▶ [TASK DIRECTIONS]:
Take the line that holds "Volkswagen TRANSPORTER 2.0" and every line after it to the end of the entries, and repeat them exactly without the pictures.

▶ [DATA SHOWN]:
----

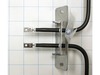 249424-2-S-GE-WB44X200          -Bake Element - 240V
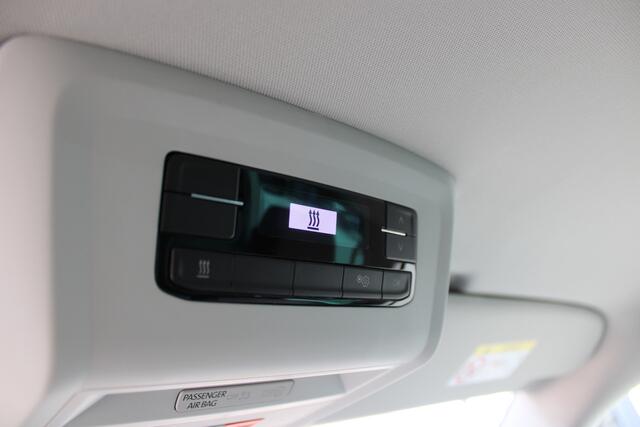 Volkswagen TRANSPORTER 2.0 TDI L2H1 204PK 4Motion DC BULLI |LV-BODYKIT|STANDKACHEL|ELEK-DEUREN+ACHTERKLEP|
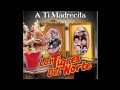 LOS TIGRES DEL NORTE AMOR DE MADRE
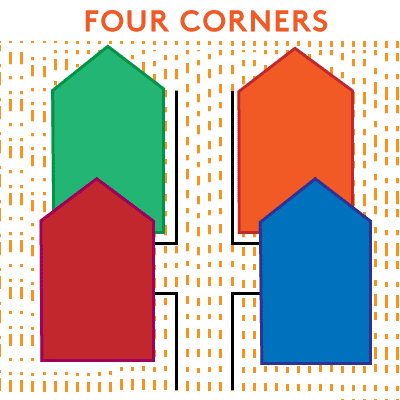 four-corners-Icon-small-600.gif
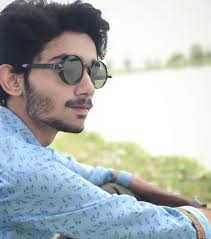 Islamabad vibes! 🌿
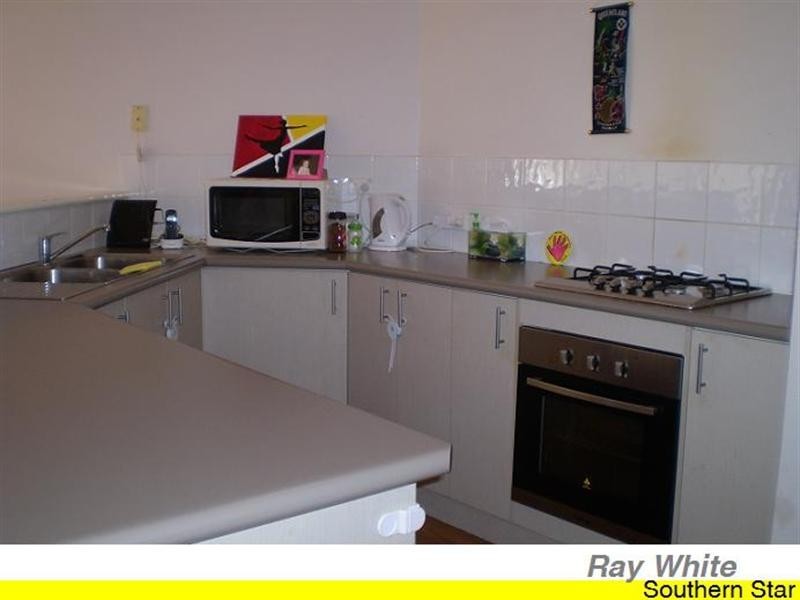 5/24 Tait Street, Armadale WA 6112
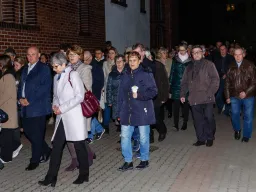 Triduum Paschalne 2024 Wielka Sobota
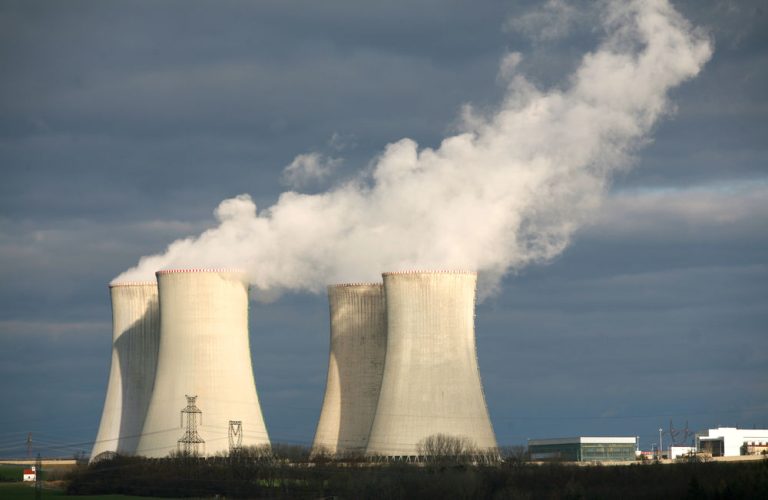Energy Fuels (UUUU) stock is booming: time to buy?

----

▶ [ANSWER SECTION]:
 Volkswagen TRANSPORTER 2.0 TDI L2H1 204PK 4Motion DC BULLI |LV-BODYKIT|STANDKACHEL|ELEK-DEUREN+ACHTERKLEP|
 LOS TIGRES DEL NORTE AMOR DE MADRE
 four-corners-Icon-small-600.gif
 Islamabad vibes! 🌿
 5/24 Tait Street, Armadale WA 6112
 Triduum Paschalne 2024 Wielka Sobota
Energy Fuels (UUUU) stock is booming: time to buy?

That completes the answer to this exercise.